Task description: Print the whole listing exactly as it appears, but skip the pictures.

Data:

--

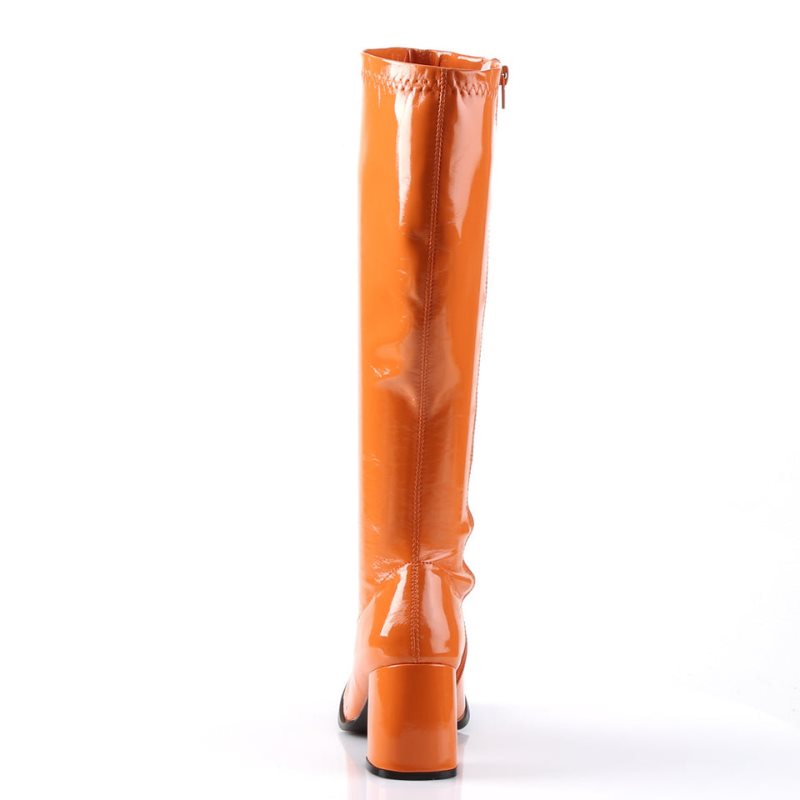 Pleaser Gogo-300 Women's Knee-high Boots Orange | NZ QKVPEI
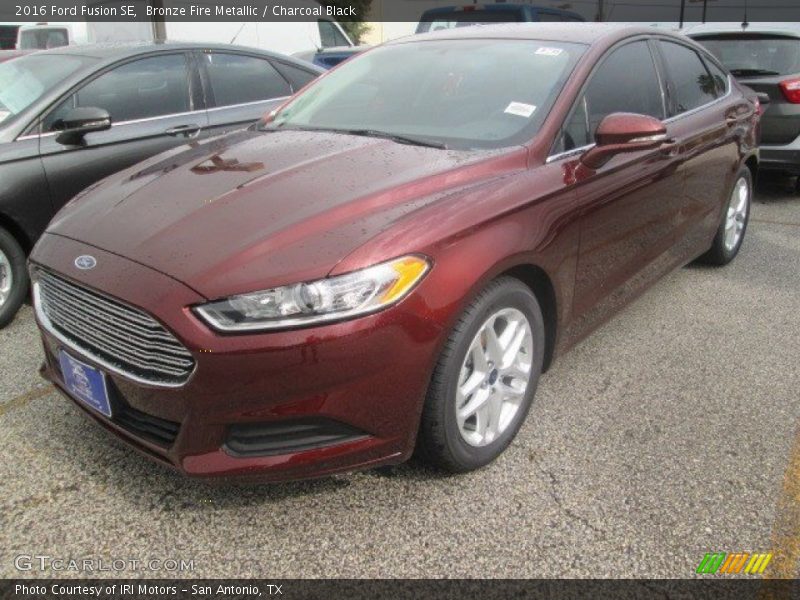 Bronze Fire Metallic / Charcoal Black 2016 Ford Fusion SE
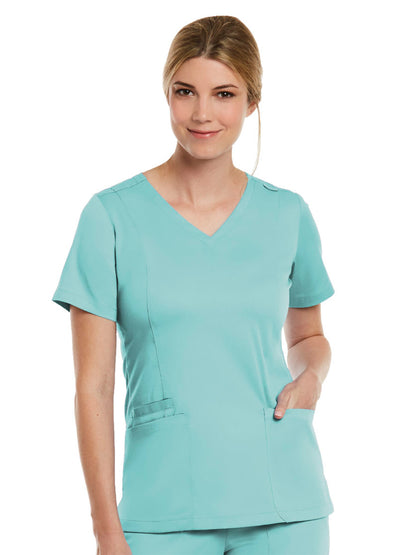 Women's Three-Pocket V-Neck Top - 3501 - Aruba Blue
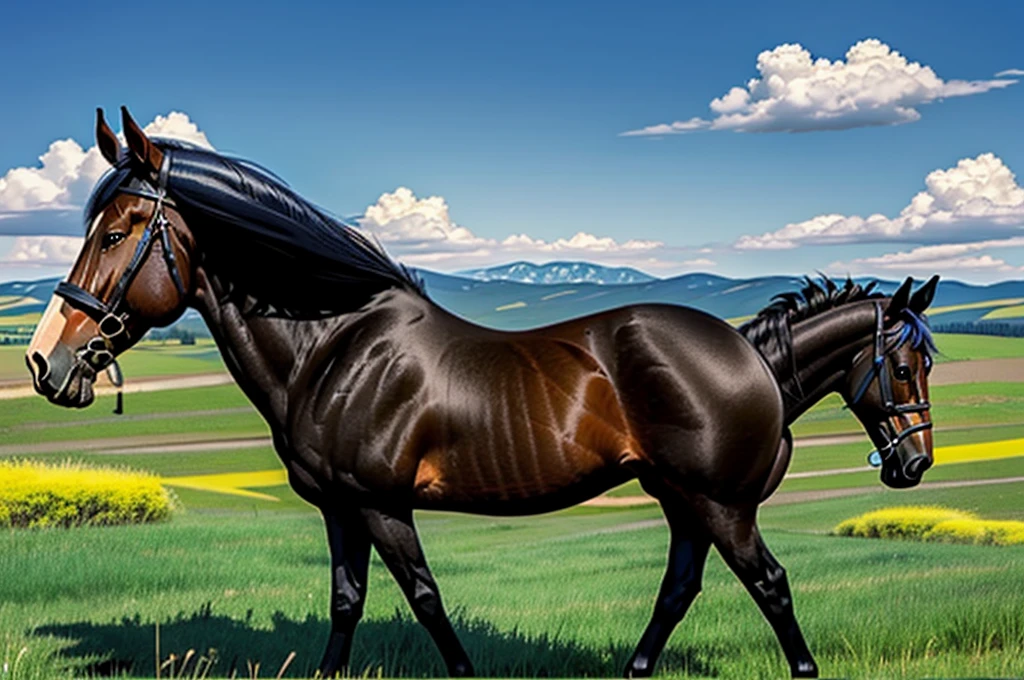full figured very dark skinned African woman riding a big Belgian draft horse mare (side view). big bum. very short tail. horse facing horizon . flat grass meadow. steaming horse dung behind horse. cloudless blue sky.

--

Result of the exercise:
 Pleaser Gogo-300 Women's Knee-high Boots Orange | NZ QKVPEI
 Bronze Fire Metallic / Charcoal Black 2016 Ford Fusion SE
 Women's Three-Pocket V-Neck Top - 3501 - Aruba Blue
full figured very dark skinned African woman riding a big Belgian draft horse mare (side view). big bum. very short tail. horse facing horizon . flat grass meadow. steaming horse dung behind horse. cloudless blue sky.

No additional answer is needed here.